An international team of scientists has developed an algorithm that can put data with large time uncertainty into chronological order. After applying statistical techniques to data obtained with a 300 fs (300 × 10–15 s) timing uncertainty, the team was able to describe the laser-driven explosion of a nitrogen molecule with 1 fs resolution – an improvement in time resolution of two orders of magnitude. Because the algorithm is based on statistics, it could potentially be applied to other disciplines with timing uncertainty, such as climate science and astronomy.
Abbas Ourmazd of the University of Wisconsin-Milwaukee and colleagues used data from an imaging experiment at the Linac Coherent Light Source (LCLS) at the SLAC National Accelerator Laboratory in the US. The experiment involved firing two consecutive pulses at nitrogen molecules – with each molecule consisting of two nitrogen atoms that share three of their outermost electrons in a triple chemical bond. The first pulse (called the trigger) comprises infrared light. It rips away the inner unshared electrons from each atom in the molecule, leaving the chemical bond intact but the two atoms positively charged. The two positively charged atoms then repel each other, with a force that explodes the molecule apart. Within picoseconds of the first pulse, a second pulse (called the flash) comprising X-rays is fired at the nitrogen, which allows the team to measure the momentum of the molecule as it explodes.
Femtosecond snapshots
The shortest flash pulses were less than 10 fs in duration, meaning the team could take 10 fs-long “snapshots” of the nitrogen molecules as they exploded. However, despite the shortness of the pulses, the snapshots could only achieve 300 fs resolution of the explosion.

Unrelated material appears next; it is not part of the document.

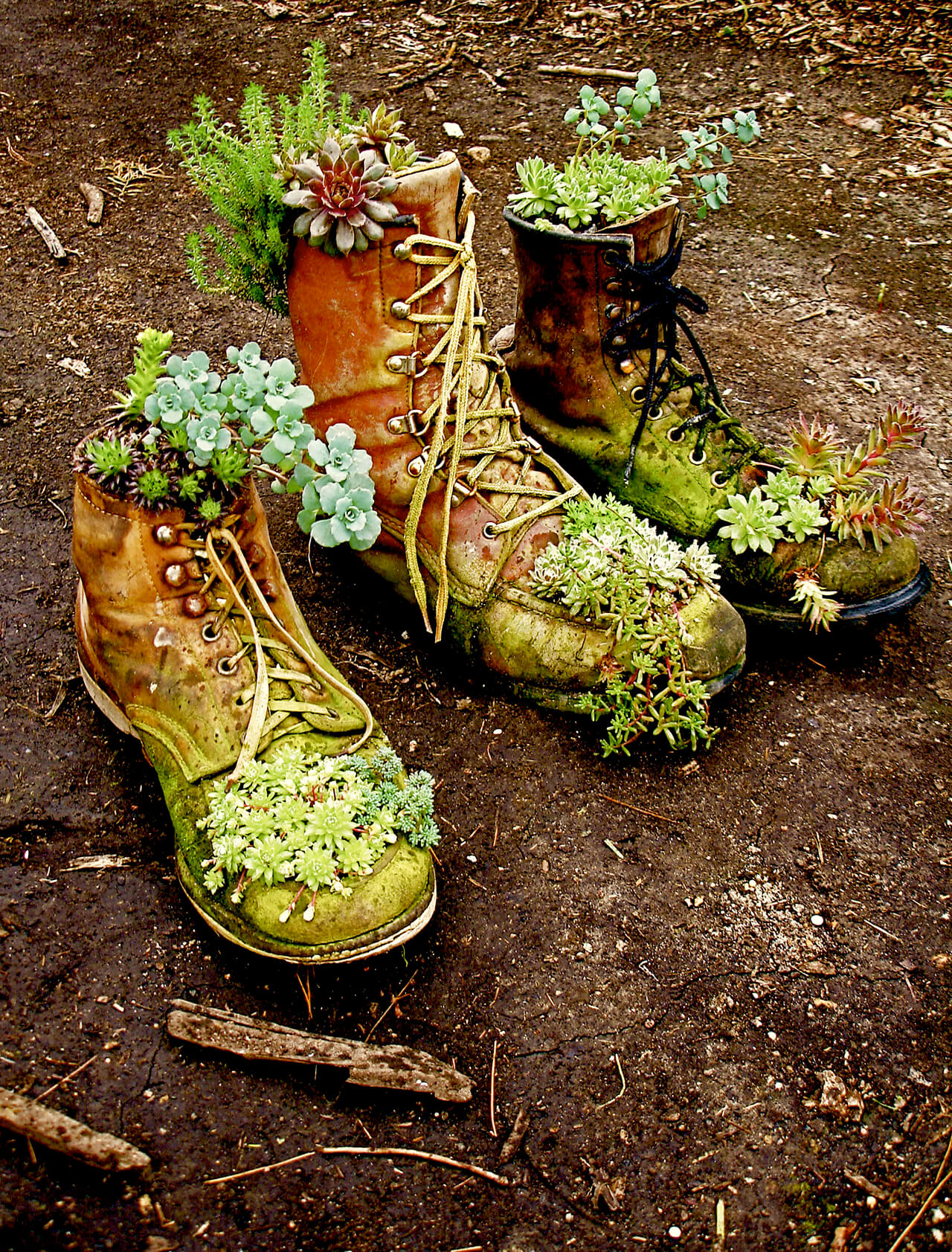 Succulent Garden Ideas: Boots On The Ground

“The difficulty with the process is that you can’t quite control the delay between the trigger and the flash,” Ourmazd explains. The uncertainty in the timing of each laser pulse means that the sequence of snapshots is slightly out of chronological order and is not evenly spaced in time, which “blurs” the details of the molecular explosion.
In the past, physicists have attempted to reduce timing uncertainty by physically adding new hardware to the experiment. However, this hardware approach is expensive and can only reduce the uncertainty by a factor of 10, at best, Ourmazd says.
Poorly shuffled cards
Instead, the team created a “re-ordering algorithm”, which Ourmazd says is similar to re-organizing poorly shuffled playing cards. “Imagine you have a perfectly ordered deck of cards and then you shuffle them,” he says. “The order is scrambled somewhat, but the original order never completely goes away.” By examining enough sequences of the cards, or data, you can extract a pattern that can tell you the original order. The algorithm used 100,000 snapshots of the nitrogen explosion up to 5 ps (5 × 10–12 s) after the first laser pulse, taken over many runs of the experiment.
The algorithm’s description of the molecular explosion matched theoretical calculations to 1 fs – shorter than the duration of the flash pulse. The physical reason the researchers were able to see faster than the laser pulse, Ourmazd explains, is that the pulses have sharp peaks, and therefore can achieve higher resolution than their average duration.
This is new to physics, but it shouldn’t be. It’s used all the time by Google
Abbas Ourmazd, University of Wisconsin-Milwaukee
The algorithm’s statistics methods – for example, first mapping the data onto a higher-dimensional curved mathematical surface – originate from the field of data science. “We’re really just applying the latest data-science techniques to physics,” Ourmazd says. “Remarkably, this is new to physics, but it shouldn’t be. It’s used all the time by Google.”
Because timing uncertainty is a problem in many scientific disciplines, the algorithm could potentially be applied to other big scientific questions, says Charlotte Haley of the Argonne National Laboratory, who was not involved in the work. For example, many astronomical and climate-science models use data that predate the digital age. “We might be looking at time-series data collected by hand,” she says. “You can never be sure if somebody recording the data did so at that particular time.”
However, the algorithm still lacks a formal mathematical framework. “They’ve established that it works well with this experiment and numerical simulation,” Haley says. “But we can’t [generally] quantify the exact reduction in uncertainty. There’s a lot of mathematics that still needs to be done.”
The research is described in Nature.